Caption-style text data
- - -

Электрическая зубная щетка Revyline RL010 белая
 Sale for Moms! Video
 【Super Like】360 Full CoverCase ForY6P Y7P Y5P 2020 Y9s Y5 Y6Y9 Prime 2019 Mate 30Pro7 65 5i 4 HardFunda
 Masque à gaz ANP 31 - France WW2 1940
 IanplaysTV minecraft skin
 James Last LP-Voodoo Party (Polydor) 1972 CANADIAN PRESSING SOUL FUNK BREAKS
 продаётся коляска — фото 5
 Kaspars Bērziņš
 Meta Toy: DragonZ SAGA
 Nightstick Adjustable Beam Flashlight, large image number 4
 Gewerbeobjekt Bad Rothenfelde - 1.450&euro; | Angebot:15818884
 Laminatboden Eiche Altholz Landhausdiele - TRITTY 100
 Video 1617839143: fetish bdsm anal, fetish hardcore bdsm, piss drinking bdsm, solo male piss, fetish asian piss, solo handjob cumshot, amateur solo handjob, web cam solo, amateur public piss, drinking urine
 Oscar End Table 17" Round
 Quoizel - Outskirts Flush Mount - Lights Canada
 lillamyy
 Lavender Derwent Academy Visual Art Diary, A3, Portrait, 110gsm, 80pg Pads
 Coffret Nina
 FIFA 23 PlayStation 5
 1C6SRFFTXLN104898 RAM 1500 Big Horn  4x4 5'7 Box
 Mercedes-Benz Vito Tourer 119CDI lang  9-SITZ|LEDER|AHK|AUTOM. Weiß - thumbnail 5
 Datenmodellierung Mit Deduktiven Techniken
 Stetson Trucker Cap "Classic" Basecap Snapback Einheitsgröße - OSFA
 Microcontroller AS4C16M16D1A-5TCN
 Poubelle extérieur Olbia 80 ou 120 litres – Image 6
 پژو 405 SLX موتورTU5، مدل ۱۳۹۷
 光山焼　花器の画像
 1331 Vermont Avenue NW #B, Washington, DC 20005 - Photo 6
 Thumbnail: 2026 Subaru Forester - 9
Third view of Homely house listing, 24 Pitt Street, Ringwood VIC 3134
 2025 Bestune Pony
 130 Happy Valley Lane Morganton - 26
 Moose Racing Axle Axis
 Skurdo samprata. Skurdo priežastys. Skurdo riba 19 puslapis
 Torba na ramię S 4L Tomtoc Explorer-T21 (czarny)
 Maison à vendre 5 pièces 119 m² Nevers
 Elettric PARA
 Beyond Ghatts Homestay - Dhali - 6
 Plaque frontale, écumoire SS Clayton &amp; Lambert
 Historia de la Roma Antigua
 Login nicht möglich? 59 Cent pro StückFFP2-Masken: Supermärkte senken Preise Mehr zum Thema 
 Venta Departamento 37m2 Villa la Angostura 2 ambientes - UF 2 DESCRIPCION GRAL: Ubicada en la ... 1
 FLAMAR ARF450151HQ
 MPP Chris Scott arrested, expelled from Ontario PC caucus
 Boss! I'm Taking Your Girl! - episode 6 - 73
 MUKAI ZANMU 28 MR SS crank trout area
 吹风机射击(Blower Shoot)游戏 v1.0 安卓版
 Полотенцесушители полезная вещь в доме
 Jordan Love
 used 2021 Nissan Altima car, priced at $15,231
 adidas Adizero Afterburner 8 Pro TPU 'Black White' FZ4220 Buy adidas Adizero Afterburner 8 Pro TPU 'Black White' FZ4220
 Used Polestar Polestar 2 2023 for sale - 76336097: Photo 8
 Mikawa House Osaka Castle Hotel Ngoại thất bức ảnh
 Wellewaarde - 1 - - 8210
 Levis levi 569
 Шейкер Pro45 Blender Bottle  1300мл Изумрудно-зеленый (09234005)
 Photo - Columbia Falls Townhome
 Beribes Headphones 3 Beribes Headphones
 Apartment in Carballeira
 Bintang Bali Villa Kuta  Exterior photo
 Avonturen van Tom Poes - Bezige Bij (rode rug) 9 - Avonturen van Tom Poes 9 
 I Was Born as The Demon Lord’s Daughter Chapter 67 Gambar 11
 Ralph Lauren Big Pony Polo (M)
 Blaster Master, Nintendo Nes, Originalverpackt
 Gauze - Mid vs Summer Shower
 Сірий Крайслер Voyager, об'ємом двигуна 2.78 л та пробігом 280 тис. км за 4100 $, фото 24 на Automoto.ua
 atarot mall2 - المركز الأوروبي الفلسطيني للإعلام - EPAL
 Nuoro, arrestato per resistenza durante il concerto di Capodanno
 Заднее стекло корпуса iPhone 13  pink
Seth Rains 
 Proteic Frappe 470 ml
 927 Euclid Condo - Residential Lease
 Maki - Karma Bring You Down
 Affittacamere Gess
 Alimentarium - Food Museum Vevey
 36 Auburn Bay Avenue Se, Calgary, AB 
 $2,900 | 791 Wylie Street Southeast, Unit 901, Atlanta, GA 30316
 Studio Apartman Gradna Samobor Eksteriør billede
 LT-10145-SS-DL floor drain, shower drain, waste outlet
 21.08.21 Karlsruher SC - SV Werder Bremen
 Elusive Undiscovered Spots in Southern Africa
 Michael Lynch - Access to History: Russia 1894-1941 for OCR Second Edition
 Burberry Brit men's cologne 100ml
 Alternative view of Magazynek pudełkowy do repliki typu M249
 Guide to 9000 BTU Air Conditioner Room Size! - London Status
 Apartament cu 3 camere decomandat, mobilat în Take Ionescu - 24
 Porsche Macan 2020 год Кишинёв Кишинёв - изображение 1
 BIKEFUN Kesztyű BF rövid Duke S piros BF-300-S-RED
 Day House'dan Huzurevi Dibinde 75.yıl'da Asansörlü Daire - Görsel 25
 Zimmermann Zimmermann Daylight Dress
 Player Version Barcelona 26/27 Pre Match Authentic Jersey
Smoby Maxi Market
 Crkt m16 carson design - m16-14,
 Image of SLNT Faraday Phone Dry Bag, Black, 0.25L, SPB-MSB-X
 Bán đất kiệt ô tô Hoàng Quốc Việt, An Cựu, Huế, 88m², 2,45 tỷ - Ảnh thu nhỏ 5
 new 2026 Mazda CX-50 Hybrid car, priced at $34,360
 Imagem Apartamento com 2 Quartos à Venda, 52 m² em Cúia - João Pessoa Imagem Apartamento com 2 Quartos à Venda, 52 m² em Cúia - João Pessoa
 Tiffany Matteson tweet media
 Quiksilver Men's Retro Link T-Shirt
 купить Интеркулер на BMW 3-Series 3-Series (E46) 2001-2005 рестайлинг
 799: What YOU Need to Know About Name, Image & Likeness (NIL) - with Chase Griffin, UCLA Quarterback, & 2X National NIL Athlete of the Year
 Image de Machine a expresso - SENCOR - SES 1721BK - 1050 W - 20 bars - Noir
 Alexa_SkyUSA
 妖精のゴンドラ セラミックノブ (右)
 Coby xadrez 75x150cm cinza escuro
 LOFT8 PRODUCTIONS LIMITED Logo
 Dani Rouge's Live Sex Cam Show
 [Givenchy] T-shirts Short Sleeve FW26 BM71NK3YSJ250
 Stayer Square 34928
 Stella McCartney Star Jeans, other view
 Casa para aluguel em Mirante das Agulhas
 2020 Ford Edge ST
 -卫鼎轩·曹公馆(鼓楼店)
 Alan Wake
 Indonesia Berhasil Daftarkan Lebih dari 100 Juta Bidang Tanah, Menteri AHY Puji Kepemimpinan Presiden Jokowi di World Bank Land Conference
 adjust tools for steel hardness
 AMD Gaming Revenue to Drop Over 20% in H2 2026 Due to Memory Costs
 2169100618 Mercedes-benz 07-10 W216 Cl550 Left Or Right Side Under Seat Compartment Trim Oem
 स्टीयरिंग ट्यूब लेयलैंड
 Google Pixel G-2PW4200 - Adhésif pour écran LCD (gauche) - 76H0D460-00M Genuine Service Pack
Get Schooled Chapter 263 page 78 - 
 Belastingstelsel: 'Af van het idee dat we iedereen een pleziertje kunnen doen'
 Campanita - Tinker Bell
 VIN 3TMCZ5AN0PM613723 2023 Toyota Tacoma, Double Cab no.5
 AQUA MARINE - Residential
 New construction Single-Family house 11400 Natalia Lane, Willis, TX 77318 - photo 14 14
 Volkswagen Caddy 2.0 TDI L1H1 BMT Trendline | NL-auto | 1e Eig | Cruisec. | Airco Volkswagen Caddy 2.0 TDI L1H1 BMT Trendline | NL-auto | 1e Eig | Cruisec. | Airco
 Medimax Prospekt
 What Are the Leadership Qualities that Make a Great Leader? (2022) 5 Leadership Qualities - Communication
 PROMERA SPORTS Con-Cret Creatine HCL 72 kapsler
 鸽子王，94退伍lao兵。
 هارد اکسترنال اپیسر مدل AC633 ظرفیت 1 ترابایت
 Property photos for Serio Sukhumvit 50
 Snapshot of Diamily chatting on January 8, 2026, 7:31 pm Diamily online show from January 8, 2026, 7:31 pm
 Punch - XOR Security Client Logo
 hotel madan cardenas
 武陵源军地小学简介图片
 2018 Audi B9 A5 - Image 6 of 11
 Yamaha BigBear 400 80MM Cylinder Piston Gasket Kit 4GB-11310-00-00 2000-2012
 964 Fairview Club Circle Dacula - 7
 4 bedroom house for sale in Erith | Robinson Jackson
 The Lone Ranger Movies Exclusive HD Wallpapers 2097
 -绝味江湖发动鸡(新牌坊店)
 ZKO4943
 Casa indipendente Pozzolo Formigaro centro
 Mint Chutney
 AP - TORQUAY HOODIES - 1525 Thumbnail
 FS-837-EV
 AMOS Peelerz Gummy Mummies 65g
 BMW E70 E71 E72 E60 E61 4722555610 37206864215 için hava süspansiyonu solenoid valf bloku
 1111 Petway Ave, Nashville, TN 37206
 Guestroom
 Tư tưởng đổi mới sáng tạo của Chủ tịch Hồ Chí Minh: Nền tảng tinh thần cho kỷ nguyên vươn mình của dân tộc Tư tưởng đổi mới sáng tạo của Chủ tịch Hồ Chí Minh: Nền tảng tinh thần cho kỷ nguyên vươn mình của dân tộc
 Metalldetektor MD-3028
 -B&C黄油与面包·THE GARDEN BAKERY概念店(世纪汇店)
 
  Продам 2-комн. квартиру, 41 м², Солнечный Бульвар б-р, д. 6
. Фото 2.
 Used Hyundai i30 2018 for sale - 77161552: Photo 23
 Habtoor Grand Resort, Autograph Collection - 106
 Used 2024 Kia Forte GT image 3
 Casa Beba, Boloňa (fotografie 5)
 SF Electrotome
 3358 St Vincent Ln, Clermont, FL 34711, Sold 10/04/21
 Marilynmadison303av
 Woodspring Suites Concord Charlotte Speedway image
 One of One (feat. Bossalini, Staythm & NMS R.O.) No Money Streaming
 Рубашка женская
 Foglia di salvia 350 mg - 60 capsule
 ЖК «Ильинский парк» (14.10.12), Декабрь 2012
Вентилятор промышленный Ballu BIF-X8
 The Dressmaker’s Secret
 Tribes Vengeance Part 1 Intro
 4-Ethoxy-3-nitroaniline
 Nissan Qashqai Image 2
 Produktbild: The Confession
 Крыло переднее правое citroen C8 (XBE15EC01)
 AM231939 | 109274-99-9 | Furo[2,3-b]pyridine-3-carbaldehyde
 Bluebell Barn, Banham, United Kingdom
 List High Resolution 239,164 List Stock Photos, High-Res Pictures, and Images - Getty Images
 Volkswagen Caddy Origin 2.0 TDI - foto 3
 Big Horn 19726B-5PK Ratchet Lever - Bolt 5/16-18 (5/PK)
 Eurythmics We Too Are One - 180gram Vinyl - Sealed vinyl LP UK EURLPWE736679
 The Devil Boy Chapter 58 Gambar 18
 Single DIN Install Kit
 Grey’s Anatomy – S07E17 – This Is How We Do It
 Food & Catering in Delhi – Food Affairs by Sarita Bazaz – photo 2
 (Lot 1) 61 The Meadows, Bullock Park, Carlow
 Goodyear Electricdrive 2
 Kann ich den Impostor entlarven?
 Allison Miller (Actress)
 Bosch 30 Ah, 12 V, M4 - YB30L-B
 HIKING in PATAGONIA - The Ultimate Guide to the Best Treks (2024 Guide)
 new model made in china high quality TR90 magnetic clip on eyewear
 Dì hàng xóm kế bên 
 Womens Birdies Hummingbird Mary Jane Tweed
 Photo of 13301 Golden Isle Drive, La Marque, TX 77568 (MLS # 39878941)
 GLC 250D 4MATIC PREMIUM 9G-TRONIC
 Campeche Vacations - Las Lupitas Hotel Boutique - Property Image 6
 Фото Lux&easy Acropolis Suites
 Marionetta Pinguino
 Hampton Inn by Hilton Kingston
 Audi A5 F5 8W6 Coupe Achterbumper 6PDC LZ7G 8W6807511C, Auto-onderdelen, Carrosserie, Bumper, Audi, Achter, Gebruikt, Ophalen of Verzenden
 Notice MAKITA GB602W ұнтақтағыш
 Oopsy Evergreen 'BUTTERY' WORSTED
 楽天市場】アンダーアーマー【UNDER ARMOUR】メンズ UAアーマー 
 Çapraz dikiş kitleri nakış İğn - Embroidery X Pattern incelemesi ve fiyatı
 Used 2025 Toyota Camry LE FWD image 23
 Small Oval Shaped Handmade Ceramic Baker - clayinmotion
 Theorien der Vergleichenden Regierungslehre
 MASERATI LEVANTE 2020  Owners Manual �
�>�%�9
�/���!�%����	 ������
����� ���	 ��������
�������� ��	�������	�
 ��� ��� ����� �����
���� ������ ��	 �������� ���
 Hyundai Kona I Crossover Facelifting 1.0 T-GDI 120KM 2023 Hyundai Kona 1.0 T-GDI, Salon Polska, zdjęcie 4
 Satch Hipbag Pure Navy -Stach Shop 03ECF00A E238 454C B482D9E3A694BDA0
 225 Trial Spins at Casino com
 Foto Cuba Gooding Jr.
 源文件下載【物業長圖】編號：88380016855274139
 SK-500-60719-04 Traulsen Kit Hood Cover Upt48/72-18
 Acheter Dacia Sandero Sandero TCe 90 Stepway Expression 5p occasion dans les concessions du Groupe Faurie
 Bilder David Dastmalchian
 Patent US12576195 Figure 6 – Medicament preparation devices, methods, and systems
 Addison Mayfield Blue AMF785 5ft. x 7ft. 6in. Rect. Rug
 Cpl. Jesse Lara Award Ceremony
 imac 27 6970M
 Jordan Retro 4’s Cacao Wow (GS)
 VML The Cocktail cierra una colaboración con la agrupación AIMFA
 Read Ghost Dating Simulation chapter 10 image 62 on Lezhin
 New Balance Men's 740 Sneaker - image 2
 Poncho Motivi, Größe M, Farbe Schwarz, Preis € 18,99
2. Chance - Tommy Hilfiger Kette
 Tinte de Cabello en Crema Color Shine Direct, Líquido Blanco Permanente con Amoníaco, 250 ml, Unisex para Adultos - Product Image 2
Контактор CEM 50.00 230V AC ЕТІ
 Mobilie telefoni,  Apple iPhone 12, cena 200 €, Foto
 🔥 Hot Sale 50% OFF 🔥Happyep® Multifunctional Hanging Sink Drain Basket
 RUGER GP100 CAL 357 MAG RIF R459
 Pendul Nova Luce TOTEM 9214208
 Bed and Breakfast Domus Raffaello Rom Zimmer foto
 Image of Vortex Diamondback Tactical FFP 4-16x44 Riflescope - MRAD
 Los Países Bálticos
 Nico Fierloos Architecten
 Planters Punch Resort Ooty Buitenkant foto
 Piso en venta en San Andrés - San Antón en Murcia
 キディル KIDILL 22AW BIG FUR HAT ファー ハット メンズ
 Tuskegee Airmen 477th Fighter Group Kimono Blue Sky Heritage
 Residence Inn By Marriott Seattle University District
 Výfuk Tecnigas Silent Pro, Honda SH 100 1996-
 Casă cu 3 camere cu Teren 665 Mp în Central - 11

- - -

§ WHAT TO PRODUCE
Please copy, exactly and with nothing else, the lines above beginning at the line that has "Punch - XOR Security Client Logo" and ending with the line that has "(Lot 1) 61 The Meadows, Bullock Park, Carlow".

§ ANSWER FOR THIS EXERCISE
 Punch - XOR Security Client Logo
 hotel madan cardenas
 武陵源军地小学简介图片
 2018 Audi B9 A5 - Image 6 of 11
 Yamaha BigBear 400 80MM Cylinder Piston Gasket Kit 4GB-11310-00-00 2000-2012
 964 Fairview Club Circle Dacula - 7
 4 bedroom house for sale in Erith | Robinson Jackson
 The Lone Ranger Movies Exclusive HD Wallpapers 2097
 -绝味江湖发动鸡(新牌坊店)
 ZKO4943
 Casa indipendente Pozzolo Formigaro centro
 Mint Chutney
 AP - TORQUAY HOODIES - 1525 Thumbnail
 FS-837-EV
 AMOS Peelerz Gummy Mummies 65g
 BMW E70 E71 E72 E60 E61 4722555610 37206864215 için hava süspansiyonu solenoid valf bloku
 1111 Petway Ave, Nashville, TN 37206
 Guestroom
 Tư tưởng đổi mới sáng tạo của Chủ tịch Hồ Chí Minh: Nền tảng tinh thần cho kỷ nguyên vươn mình của dân tộc Tư tưởng đổi mới sáng tạo của Chủ tịch Hồ Chí Minh: Nền tảng tinh thần cho kỷ nguyên vươn mình của dân tộc
 Metalldetektor MD-3028
 -B&C黄油与面包·THE GARDEN BAKERY概念店(世纪汇店)
 
  Продам 2-комн. квартиру, 41 м², Солнечный Бульвар б-р, д. 6
. Фото 2.
 Used Hyundai i30 2018 for sale - 77161552: Photo 23
 Habtoor Grand Resort, Autograph Collection - 106
 Used 2024 Kia Forte GT image 3
 Casa Beba, Boloňa (fotografie 5)
 SF Electrotome
 3358 St Vincent Ln, Clermont, FL 34711, Sold 10/04/21
 Marilynmadison303av
 Woodspring Suites Concord Charlotte Speedway image
 One of One (feat. Bossalini, Staythm & NMS R.O.) No Money Streaming
 Рубашка женская
 Foglia di salvia 350 mg - 60 capsule
 ЖК «Ильинский парк» (14.10.12), Декабрь 2012
Вентилятор промышленный Ballu BIF-X8
 The Dressmaker’s Secret
 Tribes Vengeance Part 1 Intro
 4-Ethoxy-3-nitroaniline
 Nissan Qashqai Image 2
 Produktbild: The Confession
 Крыло переднее правое citroen C8 (XBE15EC01)
 AM231939 | 109274-99-9 | Furo[2,3-b]pyridine-3-carbaldehyde
 Bluebell Barn, Banham, United Kingdom
 List High Resolution 239,164 List Stock Photos, High-Res Pictures, and Images - Getty Images
 Volkswagen Caddy Origin 2.0 TDI - foto 3
 Big Horn 19726B-5PK Ratchet Lever - Bolt 5/16-18 (5/PK)
 Eurythmics We Too Are One - 180gram Vinyl - Sealed vinyl LP UK EURLPWE736679
 The Devil Boy Chapter 58 Gambar 18
 Single DIN Install Kit
 Grey’s Anatomy – S07E17 – This Is How We Do It
 Food & Catering in Delhi – Food Affairs by Sarita Bazaz – photo 2
 (Lot 1) 61 The Meadows, Bullock Park, Carlow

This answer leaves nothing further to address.